As is fitting in the Lord does not define the extent of a wife’s submission. It does not define the limit of a wife’s submission. It defines the motive of a wife’s submission. It means, “Wives, submit yourselves unto your own husbands because it is a part of your followership of Jesus, because it is an expression of your submission to the Lord.”

Wives submit to their husbands, not because its the right thing to do, or because it boosts his ego, or because it gets you what you want. Wives follow Jesus first so that you point to a reversed curse.

Husbands, love your wives: Paul’s words to husbands safeguards his words to wives. Though wives are to submit to their husbands, it never excuses husbands acting as tyrants over their wives. 

Significantly, this puts an obligation upon the husbands. In the ancient world – under Jewish, Greek, and Roman customs, all power and privileges belonged to husbands in the household. There were no complimentary powers or privileges. Paul’s call for the husband to love his wife shifts the typical power dynamic at play.

Love in this way denotes caring love, a deliberate attitude of mind that concerns itself with the well-being of the one loved.” But it can be defined as love that loves without changing. It is a self-giving love that gives without demanding or expecting re-payment. It is love that loves even when it is rejected. 

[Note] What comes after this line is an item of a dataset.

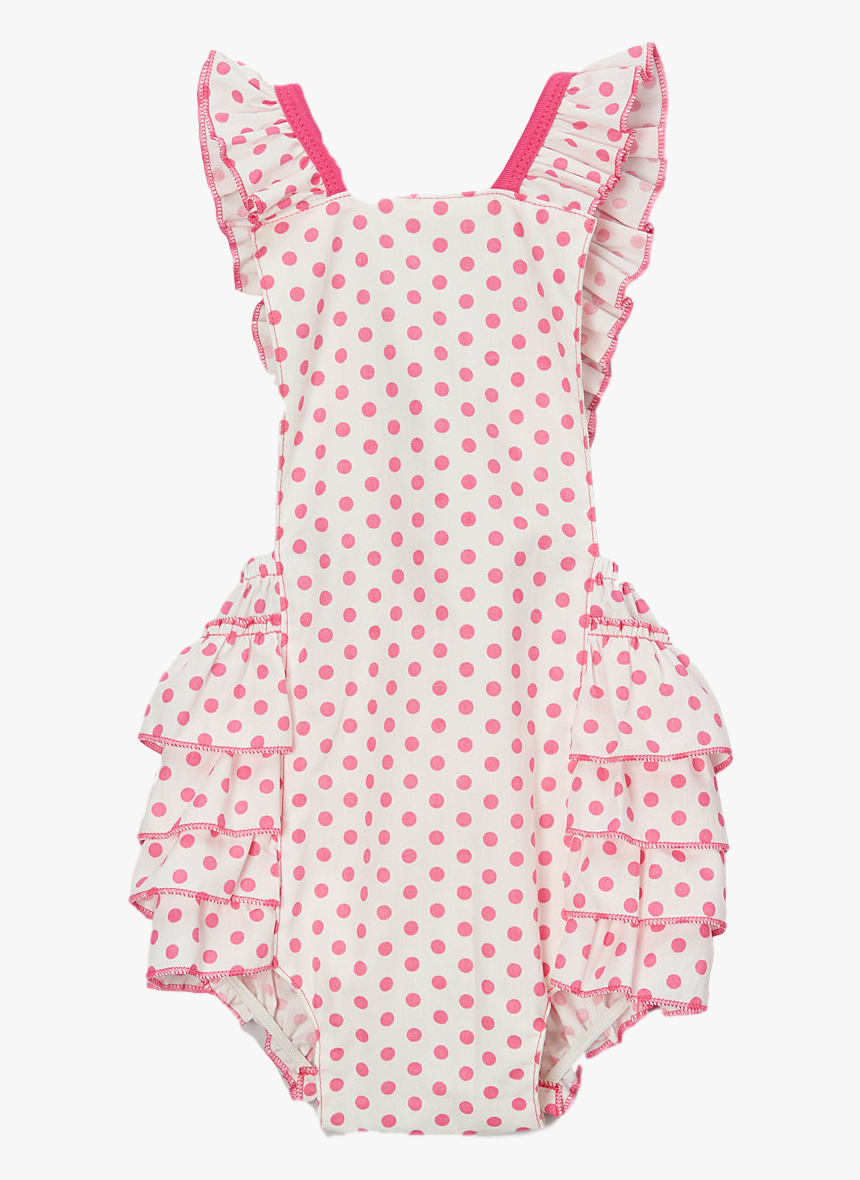 Pink And White One Polka Dot Number Png - Polka Dot, Transparent Png, Free Download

Agape love gives and loves because it wants to; it does not demand or expect repayment from the love given. It gives because it loves, it does not love in order to receive.The word has little to do with emotion; it has much to do with self-denial for the sake of another.

With this type of love in view that Paul calls husbands to, husbands we must express love in two ways that will push back against our culture.

Therefore, love is not passive. Love is active. Husbands, when you are tired, maybe want to unwind and play video games,  and want to put your feet up, love is active.

We can read this passage and think that Paul means, “Husband do what your wife wants. Have her tell you what needs done around the house.” But that isn’t what Paul writes about. What he really means is, “Husband, continually practice self-denial for the sake of your wife by taking initiative.”

Love is not weakness. Love is strength.

 And do not be bitter toward them: The implication is perhaps the wife has given the husband some reason to be bitter. Paul says, “That doesn’t matter, husband.” The husband may feel perfectly justified in his harsh or unloving attitude and actions towards his wife, but he is not justified – no matter how the wife has been towards the husband.

Husbands, there is only one way you can get this strength: it is not from sheer willpower or suppressing your emotions, paying someone else to do it, it comes from your connection to Jesus.

In a passage like this, you are likely tossed into pride or despair, the yes I do this, or the more likely despair of I can never measure up. This is the whole point, Paul gets to this section after, and only after, the follower of Jesus understands actions don’t reverse the curse, they are the results of a reversed curse.

The only way you go from butting heads like rams to being connected is by both pursuing Jesus. 

Steps: 1) Admit when you’re wrong, 2) Forgive, 3) Make a plan, 4) Repeat

If you are struggling today, you should 1) Revisit your commitment to Jesus, 2) Tell someone else in the church. Do not suffer in silence. Your burden is not your alone to bear.

Generations Church is the bridge of Christ. Composed of men and women who are everyday people committed to expanding’s God’s family together because of Jesus for generations to come. Together, married or single, we can be a picture of a reversed curse.